TASK ITEM:
Among the entries below, one stretch runs from the line that contains "Pracovní deska (jasan) + dřez IKEA" through the line that contains "Genie Z-34/22N - Aerial platform: picture 3 Genie". Repeat that stretch exactly, ends included, and only that.

EXTRACTED MATERIAL:
--*--

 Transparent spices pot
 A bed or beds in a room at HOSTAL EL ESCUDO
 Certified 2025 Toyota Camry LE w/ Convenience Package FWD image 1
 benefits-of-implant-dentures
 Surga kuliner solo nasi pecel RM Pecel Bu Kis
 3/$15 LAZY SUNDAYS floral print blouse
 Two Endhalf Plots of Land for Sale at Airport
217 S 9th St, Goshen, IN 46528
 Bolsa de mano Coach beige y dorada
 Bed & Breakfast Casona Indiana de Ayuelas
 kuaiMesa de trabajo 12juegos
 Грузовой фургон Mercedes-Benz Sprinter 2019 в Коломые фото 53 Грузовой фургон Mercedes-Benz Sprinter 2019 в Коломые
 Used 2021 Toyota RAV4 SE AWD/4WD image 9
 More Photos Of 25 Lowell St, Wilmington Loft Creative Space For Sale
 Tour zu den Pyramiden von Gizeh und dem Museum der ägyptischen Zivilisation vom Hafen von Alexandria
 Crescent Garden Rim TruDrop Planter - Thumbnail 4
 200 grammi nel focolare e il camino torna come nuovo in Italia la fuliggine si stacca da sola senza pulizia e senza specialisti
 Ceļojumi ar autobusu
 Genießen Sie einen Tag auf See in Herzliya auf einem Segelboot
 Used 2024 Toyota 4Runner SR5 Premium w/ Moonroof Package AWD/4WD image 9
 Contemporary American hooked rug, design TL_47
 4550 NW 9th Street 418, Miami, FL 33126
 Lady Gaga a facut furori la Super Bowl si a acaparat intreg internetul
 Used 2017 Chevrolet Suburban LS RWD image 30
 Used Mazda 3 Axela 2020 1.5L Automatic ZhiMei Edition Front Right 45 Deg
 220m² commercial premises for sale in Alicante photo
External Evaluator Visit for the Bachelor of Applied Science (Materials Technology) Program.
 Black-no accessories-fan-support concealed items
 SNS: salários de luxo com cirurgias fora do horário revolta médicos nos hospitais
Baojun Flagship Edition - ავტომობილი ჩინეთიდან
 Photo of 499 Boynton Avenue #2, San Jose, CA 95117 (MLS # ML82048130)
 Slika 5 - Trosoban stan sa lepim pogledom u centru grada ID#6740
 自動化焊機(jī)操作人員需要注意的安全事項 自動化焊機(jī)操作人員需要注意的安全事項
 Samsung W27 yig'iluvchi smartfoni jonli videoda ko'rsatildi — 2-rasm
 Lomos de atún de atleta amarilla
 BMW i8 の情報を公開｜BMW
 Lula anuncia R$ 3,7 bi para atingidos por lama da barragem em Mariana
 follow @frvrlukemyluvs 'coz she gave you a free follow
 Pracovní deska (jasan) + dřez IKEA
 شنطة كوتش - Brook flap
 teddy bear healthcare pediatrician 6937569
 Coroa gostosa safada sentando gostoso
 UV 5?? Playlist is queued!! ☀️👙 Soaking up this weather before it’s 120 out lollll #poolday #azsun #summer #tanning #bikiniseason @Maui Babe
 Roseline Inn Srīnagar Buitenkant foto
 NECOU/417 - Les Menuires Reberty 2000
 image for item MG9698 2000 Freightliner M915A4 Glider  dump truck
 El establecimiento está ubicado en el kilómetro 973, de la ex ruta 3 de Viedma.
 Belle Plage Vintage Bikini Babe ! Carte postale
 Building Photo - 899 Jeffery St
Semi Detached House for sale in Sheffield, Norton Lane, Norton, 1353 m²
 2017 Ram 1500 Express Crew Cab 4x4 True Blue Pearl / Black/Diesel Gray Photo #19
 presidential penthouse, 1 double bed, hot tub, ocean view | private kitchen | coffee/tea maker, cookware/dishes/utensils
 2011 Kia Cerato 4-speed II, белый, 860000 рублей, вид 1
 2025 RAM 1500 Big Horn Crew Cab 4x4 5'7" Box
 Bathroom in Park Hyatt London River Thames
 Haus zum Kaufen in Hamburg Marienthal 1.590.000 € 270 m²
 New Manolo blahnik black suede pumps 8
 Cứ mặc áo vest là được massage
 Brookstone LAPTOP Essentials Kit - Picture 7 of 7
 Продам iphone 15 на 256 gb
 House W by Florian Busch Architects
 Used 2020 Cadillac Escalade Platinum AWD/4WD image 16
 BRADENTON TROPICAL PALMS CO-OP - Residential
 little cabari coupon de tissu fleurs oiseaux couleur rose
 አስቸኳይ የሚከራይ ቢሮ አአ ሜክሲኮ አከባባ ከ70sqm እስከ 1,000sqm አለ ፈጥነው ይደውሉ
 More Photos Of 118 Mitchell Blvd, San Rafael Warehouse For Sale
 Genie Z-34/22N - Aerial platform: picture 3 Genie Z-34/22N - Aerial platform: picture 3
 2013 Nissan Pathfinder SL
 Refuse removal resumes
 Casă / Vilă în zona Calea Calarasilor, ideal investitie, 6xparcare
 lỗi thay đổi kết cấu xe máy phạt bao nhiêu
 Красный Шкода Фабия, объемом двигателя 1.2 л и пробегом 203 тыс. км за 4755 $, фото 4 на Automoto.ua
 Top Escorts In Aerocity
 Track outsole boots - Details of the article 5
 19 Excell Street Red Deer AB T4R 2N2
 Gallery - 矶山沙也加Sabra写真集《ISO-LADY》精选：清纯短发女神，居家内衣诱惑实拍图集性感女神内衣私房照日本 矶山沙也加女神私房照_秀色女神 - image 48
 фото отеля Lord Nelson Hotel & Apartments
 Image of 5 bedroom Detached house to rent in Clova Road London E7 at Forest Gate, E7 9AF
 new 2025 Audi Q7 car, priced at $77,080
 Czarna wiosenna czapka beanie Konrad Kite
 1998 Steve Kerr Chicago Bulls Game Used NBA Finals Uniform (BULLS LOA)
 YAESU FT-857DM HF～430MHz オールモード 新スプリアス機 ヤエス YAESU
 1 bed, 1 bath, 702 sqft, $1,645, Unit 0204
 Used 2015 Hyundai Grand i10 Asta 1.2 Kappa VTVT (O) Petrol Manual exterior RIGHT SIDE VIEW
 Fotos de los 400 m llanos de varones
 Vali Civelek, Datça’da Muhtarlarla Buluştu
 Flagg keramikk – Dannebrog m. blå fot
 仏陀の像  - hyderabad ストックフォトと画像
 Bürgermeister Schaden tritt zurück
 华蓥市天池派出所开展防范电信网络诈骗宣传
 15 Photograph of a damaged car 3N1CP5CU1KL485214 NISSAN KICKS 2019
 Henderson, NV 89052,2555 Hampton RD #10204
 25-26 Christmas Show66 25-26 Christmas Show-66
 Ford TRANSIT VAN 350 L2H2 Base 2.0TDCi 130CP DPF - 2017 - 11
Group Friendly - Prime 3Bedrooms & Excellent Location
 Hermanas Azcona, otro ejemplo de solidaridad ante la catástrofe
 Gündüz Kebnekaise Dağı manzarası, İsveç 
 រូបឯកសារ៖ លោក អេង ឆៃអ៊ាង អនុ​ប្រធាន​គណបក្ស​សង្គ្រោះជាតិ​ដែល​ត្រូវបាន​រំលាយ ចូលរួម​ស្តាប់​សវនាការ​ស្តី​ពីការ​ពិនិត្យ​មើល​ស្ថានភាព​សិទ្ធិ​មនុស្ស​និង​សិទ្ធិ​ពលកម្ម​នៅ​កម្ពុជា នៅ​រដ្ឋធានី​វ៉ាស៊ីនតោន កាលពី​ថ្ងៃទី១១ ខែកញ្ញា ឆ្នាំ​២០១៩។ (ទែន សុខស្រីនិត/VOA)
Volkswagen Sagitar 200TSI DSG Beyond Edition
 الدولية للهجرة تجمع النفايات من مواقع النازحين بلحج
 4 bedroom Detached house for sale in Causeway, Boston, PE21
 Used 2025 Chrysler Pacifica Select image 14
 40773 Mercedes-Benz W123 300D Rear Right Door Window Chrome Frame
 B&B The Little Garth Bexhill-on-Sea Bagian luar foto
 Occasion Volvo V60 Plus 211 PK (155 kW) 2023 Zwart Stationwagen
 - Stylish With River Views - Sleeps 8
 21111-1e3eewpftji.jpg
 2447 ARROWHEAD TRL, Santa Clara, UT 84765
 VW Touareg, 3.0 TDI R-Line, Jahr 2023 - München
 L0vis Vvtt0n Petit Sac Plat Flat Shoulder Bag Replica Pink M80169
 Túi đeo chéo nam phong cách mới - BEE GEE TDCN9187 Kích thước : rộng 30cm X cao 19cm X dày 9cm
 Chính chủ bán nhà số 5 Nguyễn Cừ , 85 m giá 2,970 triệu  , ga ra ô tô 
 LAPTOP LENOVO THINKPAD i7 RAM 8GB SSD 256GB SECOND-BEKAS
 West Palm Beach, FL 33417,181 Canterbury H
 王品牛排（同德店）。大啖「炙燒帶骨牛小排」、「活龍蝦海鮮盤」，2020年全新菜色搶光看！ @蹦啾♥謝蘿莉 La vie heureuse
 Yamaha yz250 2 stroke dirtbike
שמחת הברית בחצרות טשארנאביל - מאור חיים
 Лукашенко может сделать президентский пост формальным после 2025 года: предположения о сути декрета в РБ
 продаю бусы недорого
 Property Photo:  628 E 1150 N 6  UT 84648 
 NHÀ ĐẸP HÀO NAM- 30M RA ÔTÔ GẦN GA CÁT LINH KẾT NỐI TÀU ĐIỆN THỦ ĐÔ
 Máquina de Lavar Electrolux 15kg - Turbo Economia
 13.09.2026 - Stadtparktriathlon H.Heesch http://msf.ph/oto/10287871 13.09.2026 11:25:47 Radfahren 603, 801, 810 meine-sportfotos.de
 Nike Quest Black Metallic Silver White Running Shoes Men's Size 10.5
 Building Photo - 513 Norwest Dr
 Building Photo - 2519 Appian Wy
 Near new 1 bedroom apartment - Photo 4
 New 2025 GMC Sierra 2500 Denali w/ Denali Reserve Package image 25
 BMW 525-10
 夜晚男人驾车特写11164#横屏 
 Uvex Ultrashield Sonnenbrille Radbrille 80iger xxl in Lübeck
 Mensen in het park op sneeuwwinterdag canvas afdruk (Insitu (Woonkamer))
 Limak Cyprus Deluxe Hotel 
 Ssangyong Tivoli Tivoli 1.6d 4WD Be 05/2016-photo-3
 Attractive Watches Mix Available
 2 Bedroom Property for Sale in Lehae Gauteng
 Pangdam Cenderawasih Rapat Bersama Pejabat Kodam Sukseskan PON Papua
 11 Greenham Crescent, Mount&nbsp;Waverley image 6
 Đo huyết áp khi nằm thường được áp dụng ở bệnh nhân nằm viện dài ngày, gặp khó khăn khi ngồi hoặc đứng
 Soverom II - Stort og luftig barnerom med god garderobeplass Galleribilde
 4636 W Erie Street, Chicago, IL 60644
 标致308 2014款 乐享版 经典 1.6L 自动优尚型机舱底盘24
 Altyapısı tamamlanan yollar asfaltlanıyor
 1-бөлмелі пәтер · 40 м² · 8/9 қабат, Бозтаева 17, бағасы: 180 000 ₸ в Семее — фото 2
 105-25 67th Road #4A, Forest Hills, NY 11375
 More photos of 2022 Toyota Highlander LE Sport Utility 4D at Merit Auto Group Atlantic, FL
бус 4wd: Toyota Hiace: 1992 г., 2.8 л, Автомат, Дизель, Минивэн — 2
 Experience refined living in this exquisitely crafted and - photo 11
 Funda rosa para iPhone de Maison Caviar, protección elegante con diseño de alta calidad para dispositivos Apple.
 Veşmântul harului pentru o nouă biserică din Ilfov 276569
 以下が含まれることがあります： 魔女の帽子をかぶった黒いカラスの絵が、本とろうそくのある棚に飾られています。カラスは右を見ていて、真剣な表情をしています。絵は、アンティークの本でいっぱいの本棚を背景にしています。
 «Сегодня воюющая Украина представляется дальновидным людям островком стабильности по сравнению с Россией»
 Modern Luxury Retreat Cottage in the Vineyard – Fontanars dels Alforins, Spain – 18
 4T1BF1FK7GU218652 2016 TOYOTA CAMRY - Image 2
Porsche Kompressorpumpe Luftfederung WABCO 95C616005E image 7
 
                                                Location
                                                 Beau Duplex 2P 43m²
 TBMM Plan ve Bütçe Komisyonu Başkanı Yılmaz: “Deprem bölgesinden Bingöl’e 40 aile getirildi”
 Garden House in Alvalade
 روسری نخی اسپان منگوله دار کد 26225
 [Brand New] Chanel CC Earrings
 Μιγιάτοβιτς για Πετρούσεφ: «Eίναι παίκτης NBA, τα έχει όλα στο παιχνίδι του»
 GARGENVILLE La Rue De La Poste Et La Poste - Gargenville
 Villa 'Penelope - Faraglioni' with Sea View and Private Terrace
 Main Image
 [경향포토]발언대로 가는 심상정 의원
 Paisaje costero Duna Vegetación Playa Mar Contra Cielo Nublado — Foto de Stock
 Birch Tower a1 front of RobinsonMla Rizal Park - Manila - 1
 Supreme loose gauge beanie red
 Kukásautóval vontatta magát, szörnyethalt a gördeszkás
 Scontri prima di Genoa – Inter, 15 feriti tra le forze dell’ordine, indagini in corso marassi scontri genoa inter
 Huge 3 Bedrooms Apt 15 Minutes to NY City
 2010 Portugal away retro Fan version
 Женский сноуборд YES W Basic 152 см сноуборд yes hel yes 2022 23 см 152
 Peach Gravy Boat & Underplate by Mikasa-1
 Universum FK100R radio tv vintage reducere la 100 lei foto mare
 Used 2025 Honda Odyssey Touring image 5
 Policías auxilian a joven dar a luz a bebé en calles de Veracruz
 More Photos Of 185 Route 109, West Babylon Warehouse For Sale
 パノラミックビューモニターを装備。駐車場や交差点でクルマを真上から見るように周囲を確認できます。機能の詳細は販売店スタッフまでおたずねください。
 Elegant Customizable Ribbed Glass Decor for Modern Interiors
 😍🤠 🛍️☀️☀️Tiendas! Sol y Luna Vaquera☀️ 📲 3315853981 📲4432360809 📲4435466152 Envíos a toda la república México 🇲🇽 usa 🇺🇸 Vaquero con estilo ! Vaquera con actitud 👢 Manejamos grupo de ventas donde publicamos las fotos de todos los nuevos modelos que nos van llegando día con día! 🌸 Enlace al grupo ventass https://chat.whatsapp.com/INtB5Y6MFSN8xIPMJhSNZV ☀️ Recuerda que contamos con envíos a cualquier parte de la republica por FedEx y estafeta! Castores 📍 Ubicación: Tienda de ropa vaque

--*--

WRITTEN ANSWER:
 Pracovní deska (jasan) + dřez IKEA
 شنطة كوتش - Brook flap
 teddy bear healthcare pediatrician 6937569
 Coroa gostosa safada sentando gostoso
 UV 5?? Playlist is queued!! ☀️👙 Soaking up this weather before it’s 120 out lollll #poolday #azsun #summer #tanning #bikiniseason @Maui Babe
 Roseline Inn Srīnagar Buitenkant foto
 NECOU/417 - Les Menuires Reberty 2000
 image for item MG9698 2000 Freightliner M915A4 Glider  dump truck
 El establecimiento está ubicado en el kilómetro 973, de la ex ruta 3 de Viedma.
 Belle Plage Vintage Bikini Babe ! Carte postale
 Building Photo - 899 Jeffery St
Semi Detached House for sale in Sheffield, Norton Lane, Norton, 1353 m²
 2017 Ram 1500 Express Crew Cab 4x4 True Blue Pearl / Black/Diesel Gray Photo #19
 presidential penthouse, 1 double bed, hot tub, ocean view | private kitchen | coffee/tea maker, cookware/dishes/utensils
 2011 Kia Cerato 4-speed II, белый, 860000 рублей, вид 1
 2025 RAM 1500 Big Horn Crew Cab 4x4 5'7" Box
 Bathroom in Park Hyatt London River Thames
 Haus zum Kaufen in Hamburg Marienthal 1.590.000 € 270 m²
 New Manolo blahnik black suede pumps 8
 Cứ mặc áo vest là được massage
 Brookstone LAPTOP Essentials Kit - Picture 7 of 7
 Продам iphone 15 на 256 gb
 House W by Florian Busch Architects
 Used 2020 Cadillac Escalade Platinum AWD/4WD image 16
 BRADENTON TROPICAL PALMS CO-OP - Residential
 little cabari coupon de tissu fleurs oiseaux couleur rose
 አስቸኳይ የሚከራይ ቢሮ አአ ሜክሲኮ አከባባ ከ70sqm እስከ 1,000sqm አለ ፈጥነው ይደውሉ
 More Photos Of 118 Mitchell Blvd, San Rafael Warehouse For Sale
 Genie Z-34/22N - Aerial platform: picture 3 Genie Z-34/22N - Aerial platform: picture 3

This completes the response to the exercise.